> [REQUIRED ACTION]: Quote every line of the data below as it stands, omitting pictures.

> [GIVEN DATA]:
━━━━━━━━━━━━━━━━

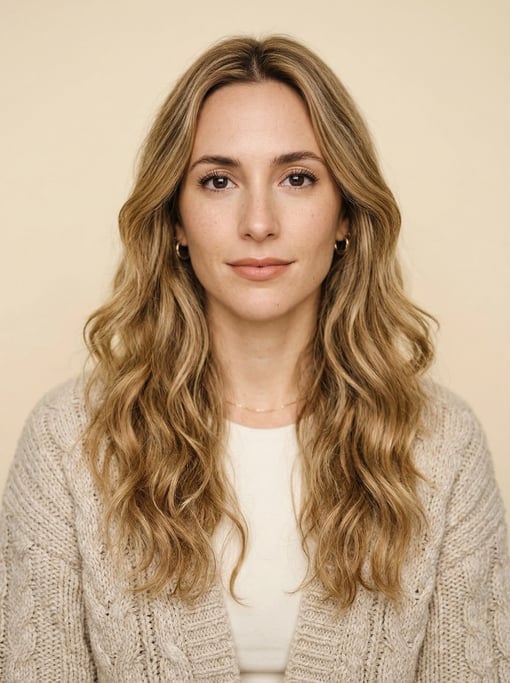 Professional studio headshot of a 27-year-old Argentinian woman with long wavy honey blonde hair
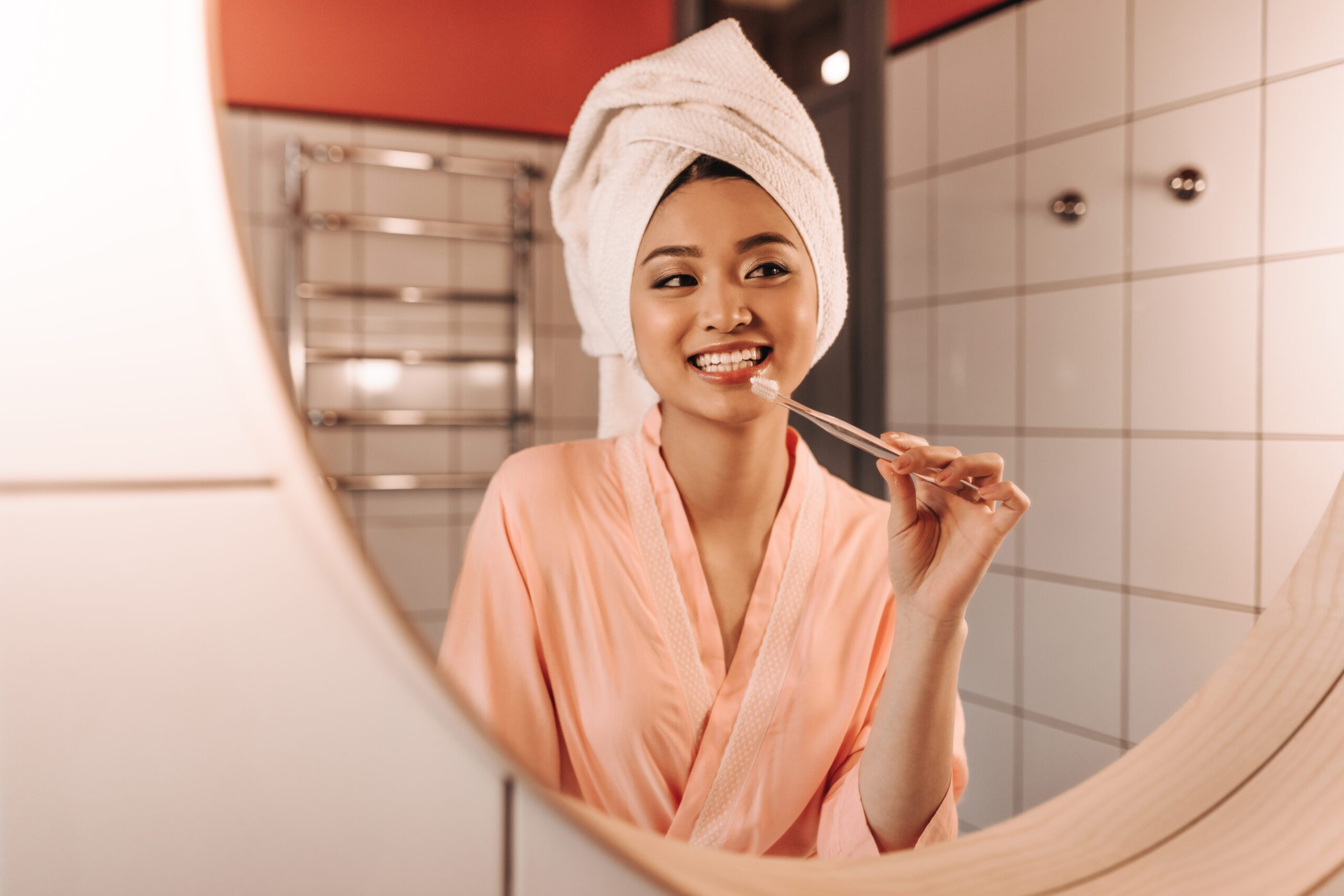 Brown-eyed girl in white towel is brushing her teeth. Woman looking in bathroom mirror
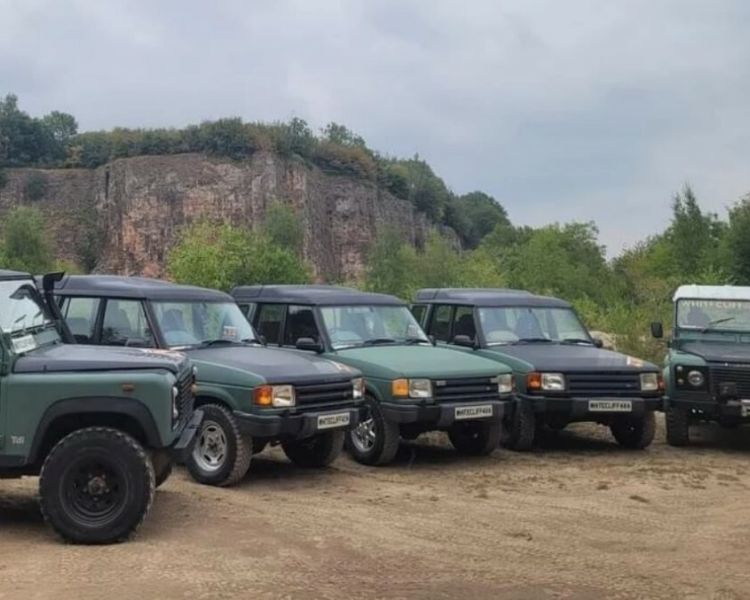 a fleet of land rover off road vehicles parked up ready a driving course in gloucestershire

━━━━━━━━━━━━━━━━

> [YOUR RESPONSE]:
 Professional studio headshot of a 27-year-old Argentinian woman with long wavy honey blonde hair
 Brown-eyed girl in white towel is brushing her teeth. Woman looking in bathroom mirror
 a fleet of land rover off road vehicles parked up ready a driving course in gloucestershire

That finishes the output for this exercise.